ニューズウィーク日本版(12/19号)の目次を開いたら「ウクライナは既に戦いに勝利した」という見出しに目が止まった。書いたのはユリア・ティモシェンコ、元首相。美人だったのでよく覚えているが、2度も首相になって急進的に西欧への接近を進めながら、ロシアの軍事侵攻への備えを全くしてこなかったという意味で、今般のロシアによる侵略の責任を追うべき政治家の1人だと思っていた。
そんな人が何を勝った勝ったと言ってるのか。
記事に書いているのはこんなことだ。
全世界が支援している。民主政治体制を確立した。男女を問わず国民が命がけで戦っている。ドローンなど高い技術力の武器兵器を有している。親ロシアの裏切り者を排除したい、等々。
すぐにあたまに浮かんだのはエマニュエル・トッドが1ヶ月も前に文藝春秋に書いた「米国はすでに敗北している」。ロシア経済は強く、また工業生産力と兵器供給力において米国とNATOに優っている。“反転攻勢”を開始してからウクライナ側には大量の死者・負傷者が出ている、等々。
トッドがこう書いて1ヶ月たった今、バイデン政権はウクライナ支援を含む予算を議会に拒否されている。
またEUもウクライナ支援の強化などのための拠出金の増額をまとめられなかった。
こうして支援が停滞するなか、戦争の現場では砲弾不足が深刻化する事態になっているという。
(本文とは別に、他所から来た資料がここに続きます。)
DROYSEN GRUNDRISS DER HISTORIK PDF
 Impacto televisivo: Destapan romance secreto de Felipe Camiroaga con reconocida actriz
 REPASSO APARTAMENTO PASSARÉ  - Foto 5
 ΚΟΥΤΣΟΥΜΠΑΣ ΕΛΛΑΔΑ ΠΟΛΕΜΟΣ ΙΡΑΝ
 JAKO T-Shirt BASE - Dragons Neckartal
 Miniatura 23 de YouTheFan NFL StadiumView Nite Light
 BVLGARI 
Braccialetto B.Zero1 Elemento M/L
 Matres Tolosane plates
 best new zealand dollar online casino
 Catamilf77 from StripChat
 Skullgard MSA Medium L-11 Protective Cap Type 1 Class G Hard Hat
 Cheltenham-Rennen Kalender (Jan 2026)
先日ゼレンスキーは米議会に押しかけて追加支援を要請したが、もはや英雄を迎えるムードはなく事態はかわらず。
他国の軍事のみならず、経済支援がなければ戦争が継続できない状況なのに、“勝利した”なんて妄想というしかない。
民主主義国家が独裁国家に侵略され、戦うも敗北しつつある。世界は恐ろしい時代を迎えている。日本も本当にしっかりしなければ他人事ではない。